- Country of origin: United Kingdom
- Original language: English
- No. of series: 1

Production
- Running time: 43-44 minutes
- Production company: Thames Television

Original release
- Network: ITV (CITV)
- Release: 1992

= B&B (TV series) =

B&B is a British television children's programme, broadcast in 1992, following the lives of a father and daughter and their struggle to make their newly established bed and breakfast business work.

Produced by Thames Television, the show was originally broadcast on CITV and starred Kevin Whately, better known for his performance as Lewis in Inspector Morse, and the Scottish actress Katy Murphy.

==Plot==
The series started with Steve Shepherd, played by Whately, being fired from his job in a local architectural firm for disagreeing with his boss' (Ian McNeice) blueprints for a local amusement arcade.
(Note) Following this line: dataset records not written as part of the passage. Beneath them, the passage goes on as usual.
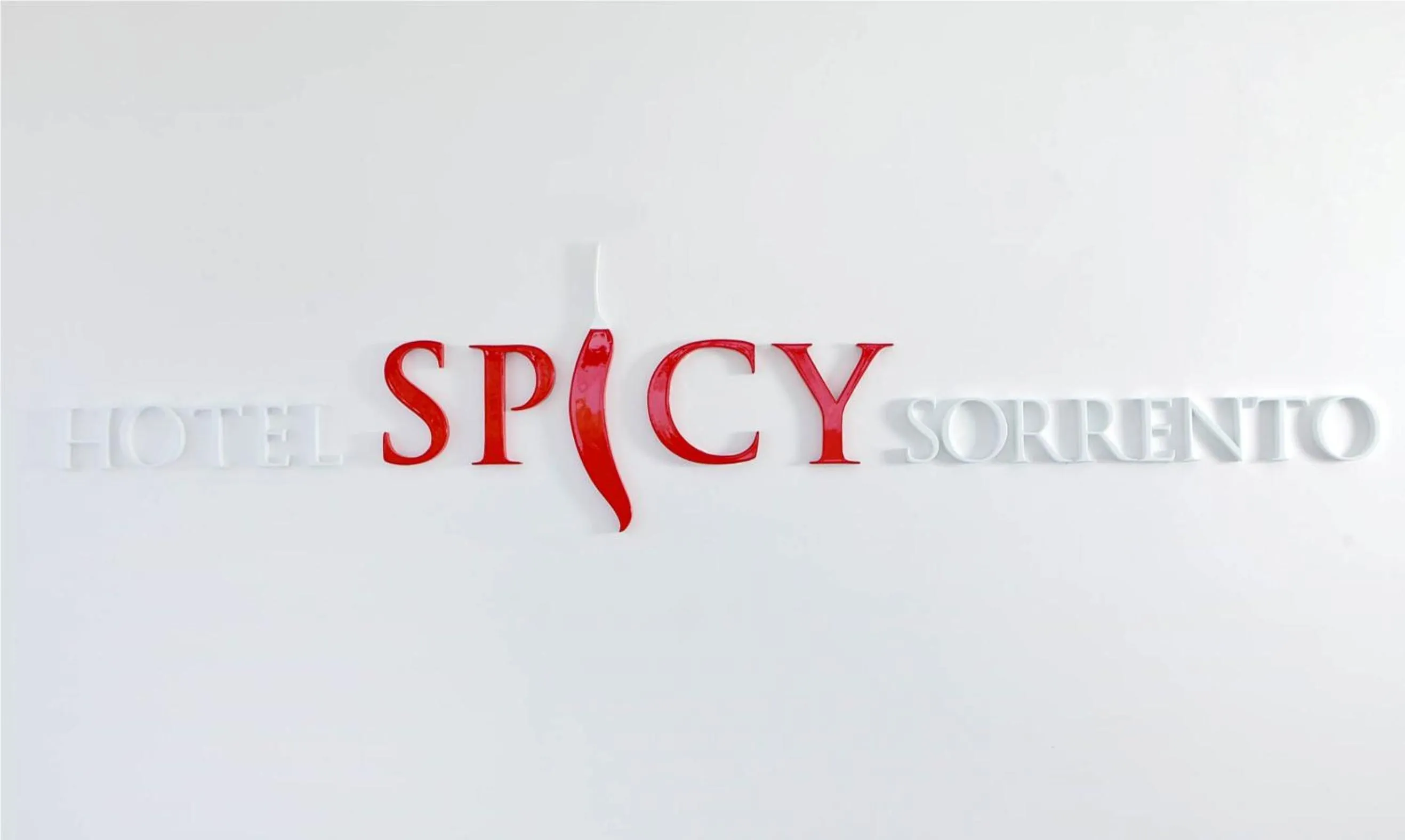Property logo or sign in Hotel Spicy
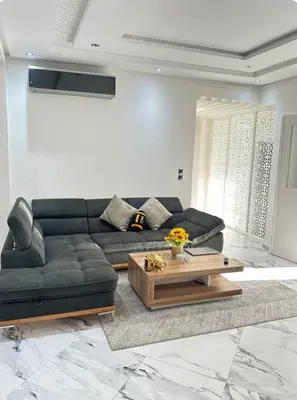 a living room with a black couch and a coffee table at Rabat Agdal apartment in Rabat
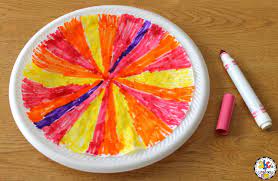 These tie dye coffee filter butterflies are quick and easy for kids to create and a great exercise in color theory and blending! Tie Dye Coffee Filter Flower Craft For Kids Process Art Activity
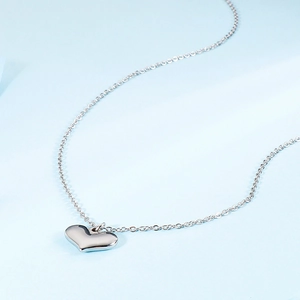Sleek silver heart pendant necklace on a delicate link chain over a light blue background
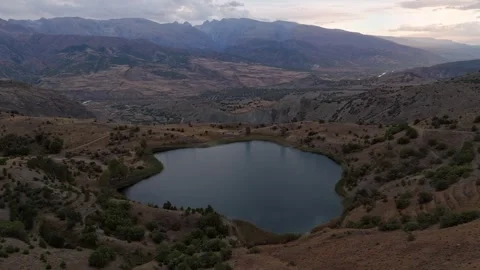 A big lake at the top of the mountain Stock Footage 330532875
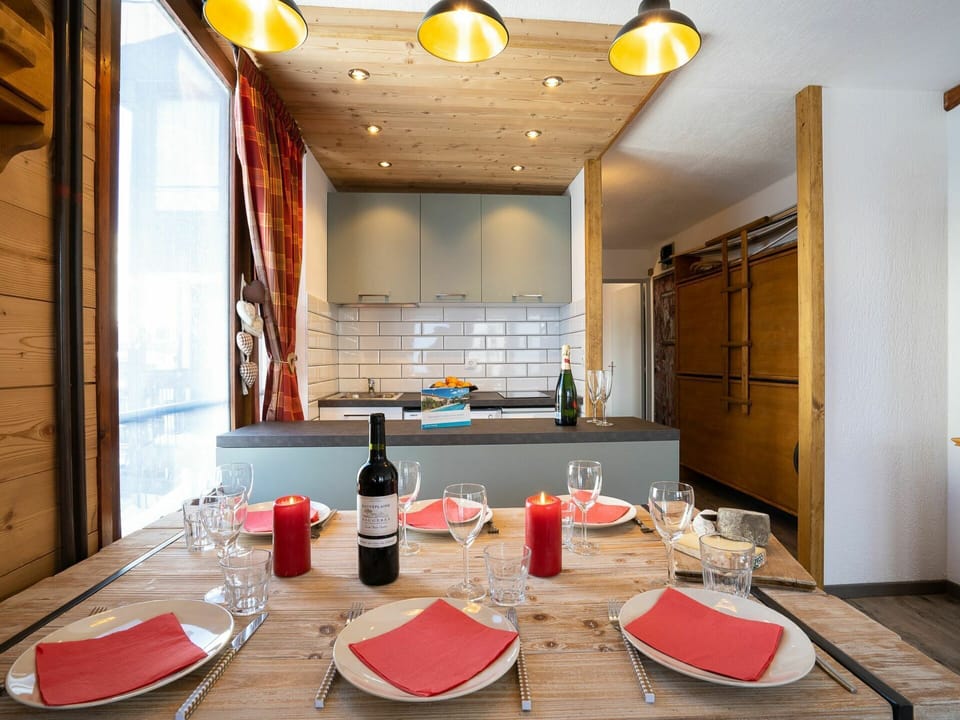 Table, Furniture, Tableware, Wood, Yellow, Kitchen, Cabinetry, Lighting, Interior Design, Bottle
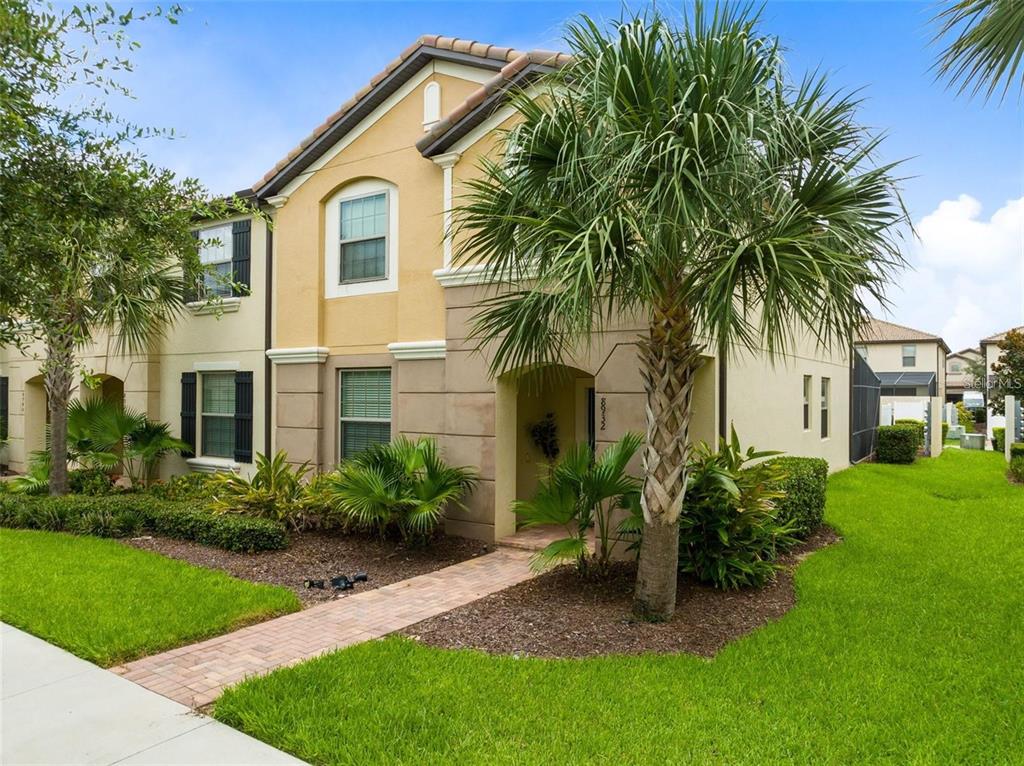 A two-story tan stucco townhouse with a palm tree and a brick walkway in front — 8932 ADRIATICO LANE, KISSIMMEE, FL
Unemployed and with a daughter, Alice (Alexandra Milman), to care for, Shepherd decides to turn his large home into a B&B for financial support. Shepherd's former boss, Horace Gilbert, becomes aware after his dismissal that Shepherd's house lies right in the middle of his proposed development site and that the removal of his former employee and his home is needed to go ahead with construction. Meanwhile, Shepherd's B&B is doing well and one of his guests, Billie Golden, a street busker (played by Katy Murphy), reveals to him that she has no money and cannot pay her bill. In an attempt to help her, Shepherd offers her continued room and board for an unpaid working position at the B&B.

When Gilbert's legitimate attempts to remove Shepherd from his house fail he moves onto Billie, offering her her dream motorbike in return for flooding the B&B and rendering it uninhabitable. When this backfires, he decides to resort to arson and attempts to burn the property to the ground. However, his secretary finds out what he is planning and realises he has gone too far. She reports him to the police and he is arrested in the act.